I have been getting a lot of complaints from staff on this unit. I have been told that 5 different people have reported something negative about me since I have been going to this hospital. What's that all about? I don't know. One of the first complaints was from a Doctor who walked in behind me while I was assessing my patient. I had my back to him, and my scope down my patients gown to listen to her heart. Apparently he was upset that I did not leave so he could visit with the patient. I didn't even know he was in the room for a few minutes, then I had my scope down this lady's gown, what was I supposed to DO????? Just snap my fingers and DISAPPEAR?????? I then have ben complained about from other staff who say that I was asking too many questions about my pt rather than going in and assessing her myself. I will admit I am a little nervous about going to see patients right away, but I don't think I need this kind of CONSTANT NITPICKING as I turn EVERY CORNER!!!!!!! I am afraid that when I go to see my instructor tomorrow, they will try to get rid of me!!!! What can I do??????? What Recourse do I have??????? Our Syllabus states in our class that if our instructor chooses to do so, she can kick us out of the program if she sees fit to do so. NOW I AM SCARED!!!!!!!!!

Anyway, my nurse instructor sent me home today, and this will reduce my clinical grade by 10 % right off the bat; but now I am scared that she and the staff and the director are trying to get me kicked out of the program altogether!!!! I am a first year student, and i am not getting the politics of Nursing down! I feel like I will have spent all this money and get kicked out of the program and have nothing to show for it and no where to go!!!! Help!!!!

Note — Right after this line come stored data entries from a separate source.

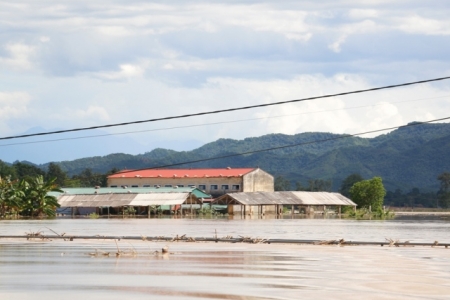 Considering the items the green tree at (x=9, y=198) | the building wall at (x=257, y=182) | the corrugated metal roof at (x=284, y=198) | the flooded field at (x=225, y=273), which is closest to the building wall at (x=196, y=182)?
the building wall at (x=257, y=182)

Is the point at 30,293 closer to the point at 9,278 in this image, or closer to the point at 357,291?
the point at 9,278

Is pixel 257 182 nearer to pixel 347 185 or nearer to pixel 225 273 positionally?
pixel 347 185

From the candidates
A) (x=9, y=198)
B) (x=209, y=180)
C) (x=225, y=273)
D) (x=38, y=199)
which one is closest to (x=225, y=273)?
(x=225, y=273)

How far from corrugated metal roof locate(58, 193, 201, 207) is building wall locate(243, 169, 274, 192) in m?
13.6

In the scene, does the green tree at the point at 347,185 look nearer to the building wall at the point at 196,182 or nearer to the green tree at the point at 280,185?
the green tree at the point at 280,185

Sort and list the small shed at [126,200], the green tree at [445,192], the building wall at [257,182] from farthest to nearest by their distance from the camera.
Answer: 1. the green tree at [445,192]
2. the building wall at [257,182]
3. the small shed at [126,200]

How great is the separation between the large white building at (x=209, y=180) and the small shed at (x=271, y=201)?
14.0ft

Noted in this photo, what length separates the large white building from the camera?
101 meters

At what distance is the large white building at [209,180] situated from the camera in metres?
101

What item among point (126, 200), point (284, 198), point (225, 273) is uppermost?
point (284, 198)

What should I do? I took A&P in 2005, and I could get into another program, I guess, but should I leave them, or just wait for them to get rid of me? I have worked WAY TOO HARD FOR THIS TO END THIS WAY!!!!!!! There must be some way to give them what they want without me having to get thrown out of school for this! I still do not know specifically what I did that caused others to complain. I was confused! I was shuffling papers! I HAVE ROSACEA, AND MY FACE IS ALWAYS RED AFTER A SHOWER!!!!! What am I supposed to do? Can my school REALLY LEGALLY THROW ME OUT FOR STAFF COMPLAINTS?????????????????????????????????

Help,

Laura

Specializes in Endoscopy/MICU/SICU.

Hmm,

well it doesn't sound to me like they're trying to get you thrown out of school. They want you to be prepared. It's very important to be on time, and they don't care where you had to park. Go into your patient's room first thing, do your assessment, and then if you still have questions maybe you should look it up or ask your instructor. When you talk to your instructor, ask specifically what you need to improve on. Then do your best to improve on those things by reading and trying your best. Sounds like the staff doesn't really want to be bothered, so just stay out of their way. Kinda crappy, but that's how things are for us students a lot of the time. Good luck, keep going, BE PREPARED, and everything will turn out fine.

Turn the negativity around. Go out of your way to be on time, prepared, on the ball, receptive to constructive criticism, helpful to others, etc. Instead of waiting for your instructors to come to you with the latest complaints; go to them, with your paperwork not only complete but above standards, your charting above standards, anything assigned done above standards. Go early the night before to pick out your patients and get your required info. Then go home and do what you're supposed to do. Go to the unit manager or head nurse. Be proactive. Tell her that you have been told that the staff is complaining about you and you want to be told specifics and to be told immediately when there is a complaint so that you can correct yourself on the spot. It sounds to me that you are a victim of gossiping, more than constructive criticism. If the criticism were constructive, the person making the remark would have taken you aside and told you face to face what you need to improve on. When they go behind your back, they are not acting in the preceptor role and they should not be complaining about you if they have not brought up anything to your face. You need to be the one who is stepping forward in the clinical workplace, not the other way around. Start putting it to everyone else and they should back off and look for another "victim". Don't quit and slink off. Even if you were to gain admission to another program, chances are that you could run into a similar situation, and you had better learn how to deal with this type of treatment now before you get done in yet again. Stick up for yourself.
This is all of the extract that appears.